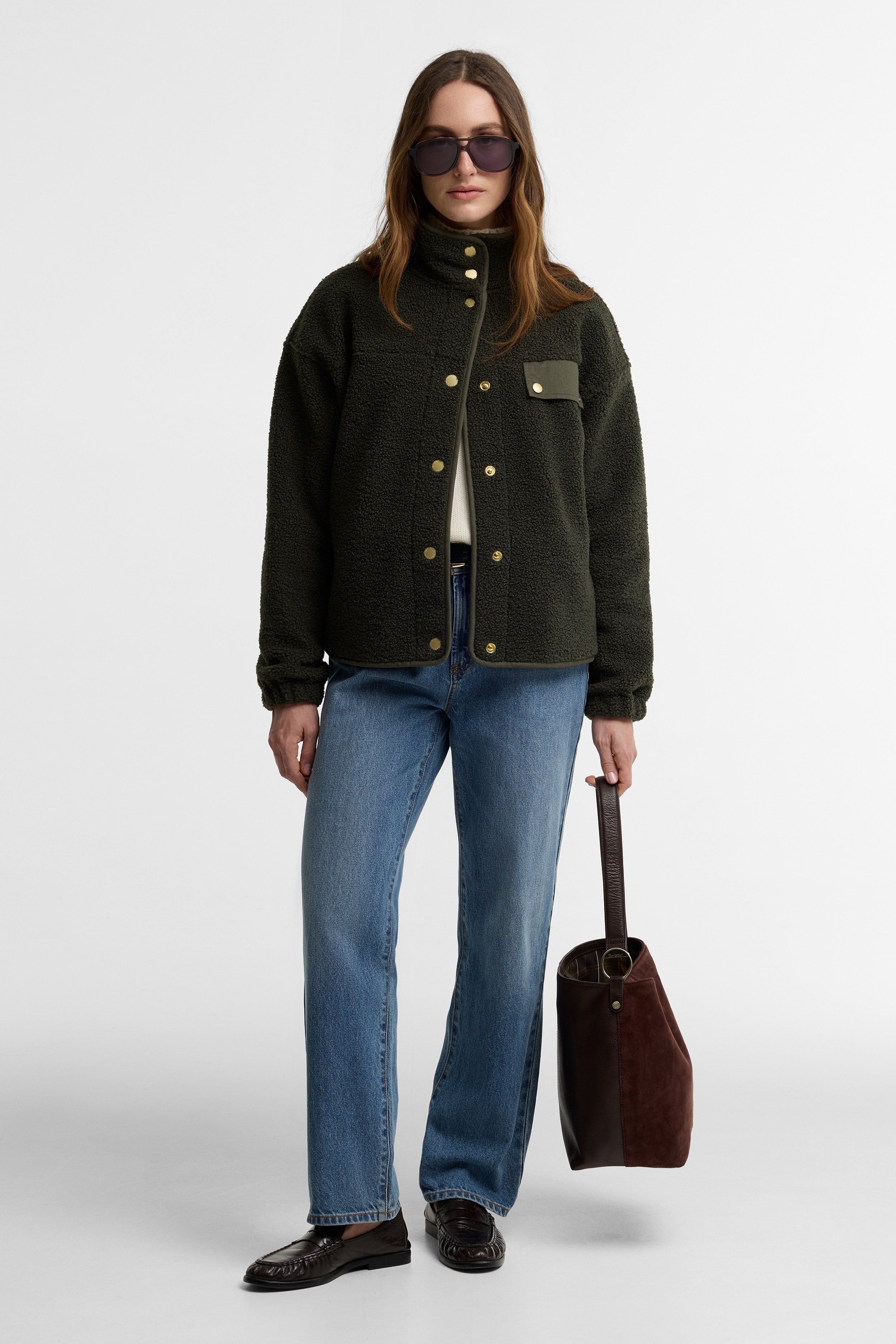 Barbour Mabel Fleece - Olive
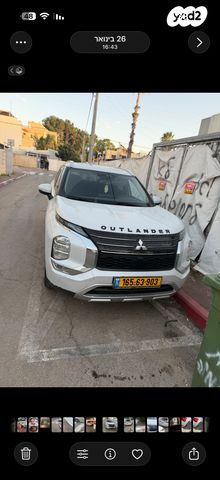 מודעת רכב מיצובישי אאוטלנדר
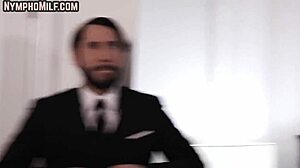 Curvy Milf Maid Gets Rimmed and Assfucked Hard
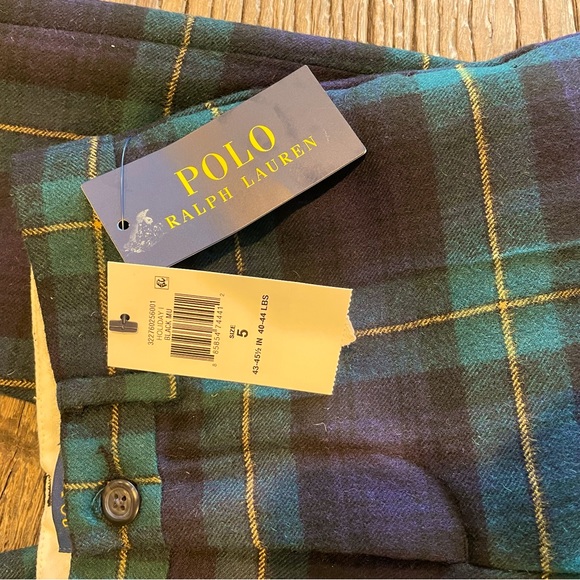 Ralph Lauren Plaid Wool Suit Trouser Boy’s (5) x HOLIDAYS!!! - Picture 2 of 6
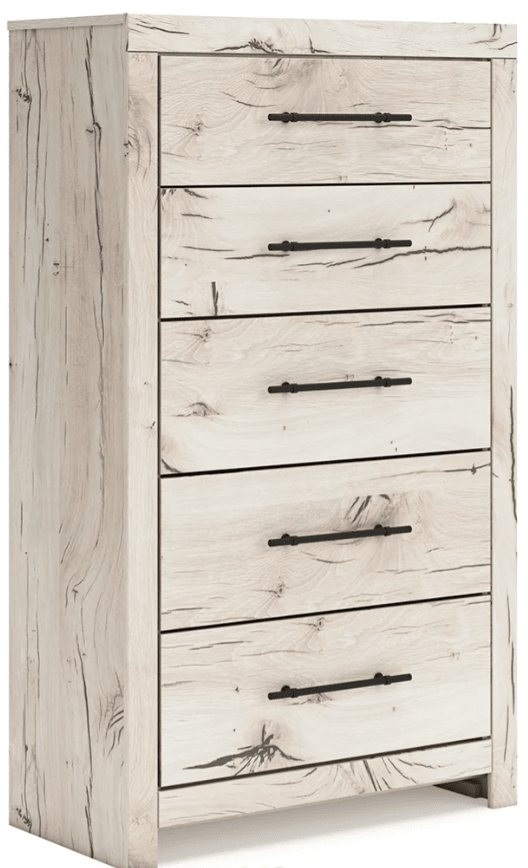 AshleyAshley B2310 Lawroy - Panel Bed - Light Natural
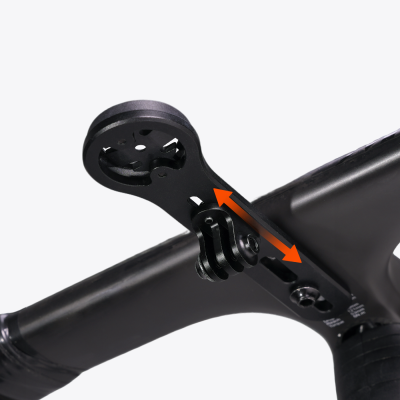 Suporte para ciclocomputador integrado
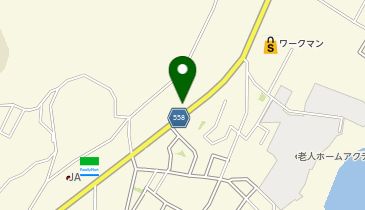 コインランドリー雄琴店の地図画像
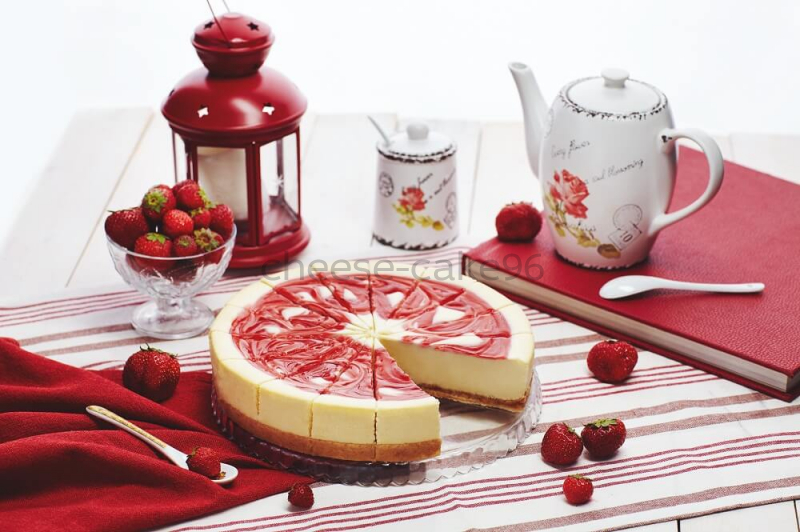 Чизкейк "New York с клубникой" Cheeseberry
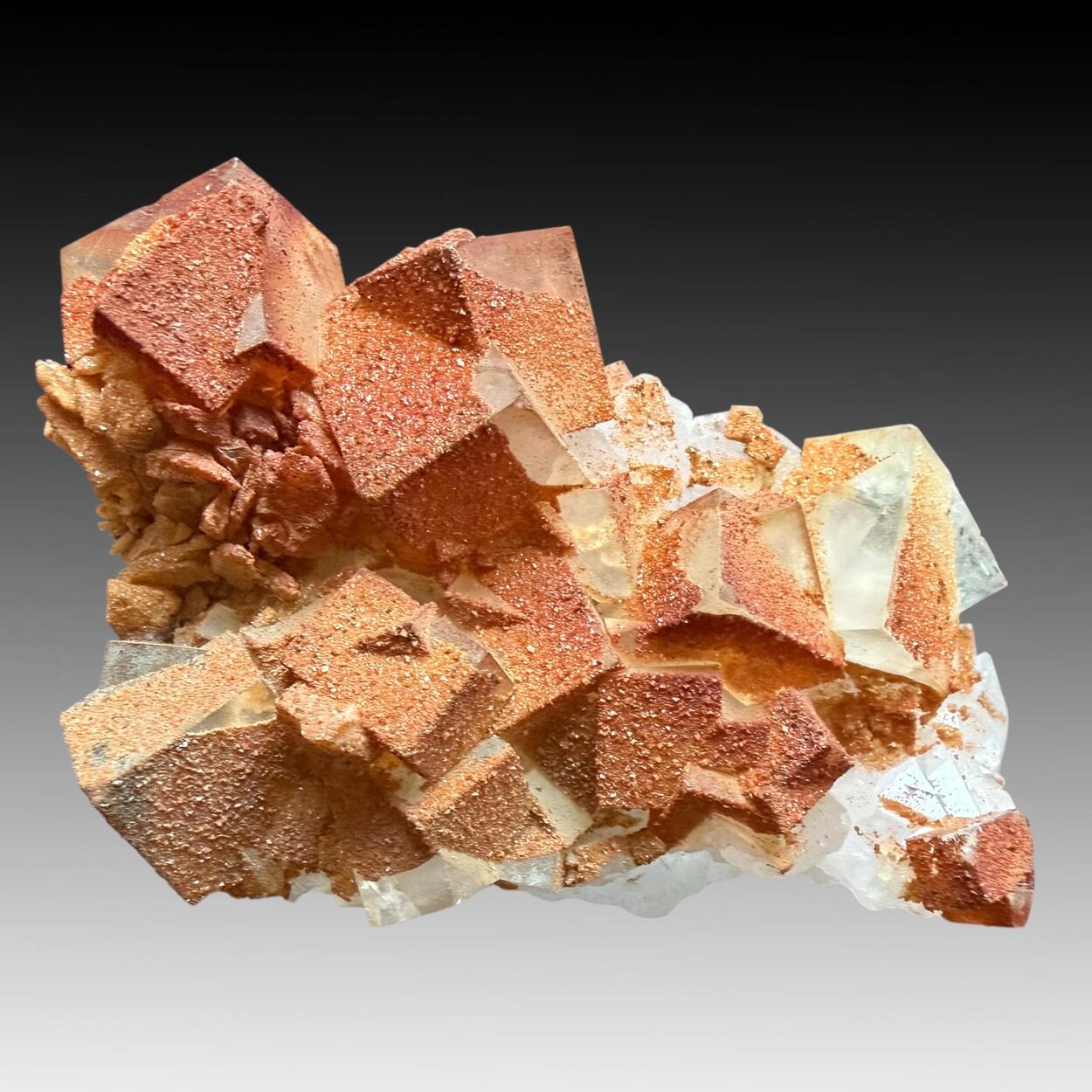 Fluorite & Siderite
◇ ◇ ◇ ◇ ◇ ◇ ◇
What is being asked:
Output the lines of the data exactly, starting at the first and ending with the line that has "AshleyAshley B2310 Lawroy". Pictures are not part of it.

Result of the exercise:
 Barbour Mabel Fleece - Olive
 מודעת רכב מיצובישי אאוטלנדר
 Curvy Milf Maid Gets Rimmed and Assfucked Hard
 Ralph Lauren Plaid Wool Suit Trouser Boy’s (5) x HOLIDAYS!!! - Picture 2 of 6
 AshleyAshley B2310 Lawroy - Panel Bed - Light Natural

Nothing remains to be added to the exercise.